Chatbot-Based Deception (Dongwon Lee, Kenneth Huang): As chatbots such as Apple’s Siri or Amazon’s Alexa are quickly gaining popularity, many people view them as one of top consumer applications for AI. The gist of such chatbot-related technologies is an AI engine to simulate human-like conversation. If human cannot tell whether she is conversing with another human or chatbot, then such a chatbot has succeeded in simulating human-like conversation, and can rightfully claim that it has passed the Turing Test. In a reverse setting, then, we ask if machine can tell if one is conversing with another human or chatbot? Such a setting may occur, for instance, in social engineering attacks, where naïve users converse with a chatbot that pretends to be a human. If one detects whether the other party in conversation is human or chatbot using machine learning techniques, one can alert such naïve users about potential dangers.
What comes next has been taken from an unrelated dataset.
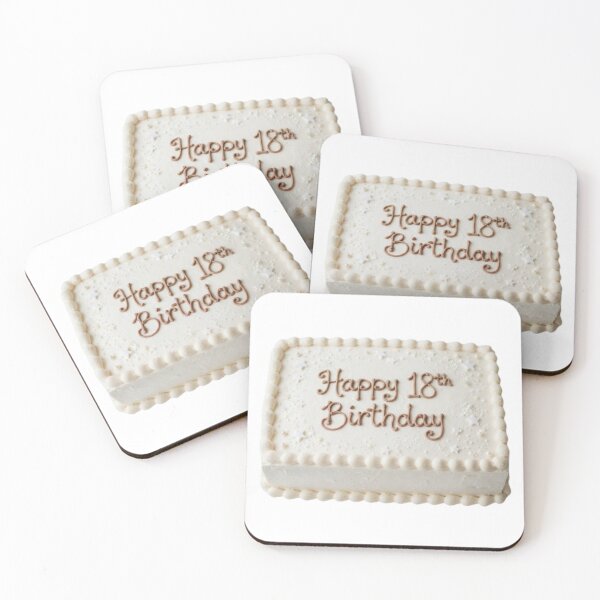Item preview, Happy 18th birthday 18 cute adorable cake party vanilla white kawaii designed and sold by CheeseBlueprint.
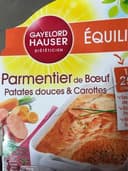 Parmentier de boeuf, patates douces & carottes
This project will build a benchmark dataset for reverse Turing test and develop machine learning models to classify human vs. machine artifacts.
Human Perceptions of Machine-Generated Narratives (Kenneth Huang): Disinformation is just one of many techniques for manipulating audiences online; there are other, more subtle techniques and campaigns that target the moral psychology of the audience, manipulate the social structure of online communities, and undertake a variety of social engineering measures to achieve strategic effects. The use of trolls, bot-armies, and “cyborgs” – humans whose influence and reach are amplified by technical means have reached epidemic proportions on social media platforms. In this project, we will study human perceptions of machine-generated stories and image captions to understand the potential malicious use and possible defensive strategies of such technologies.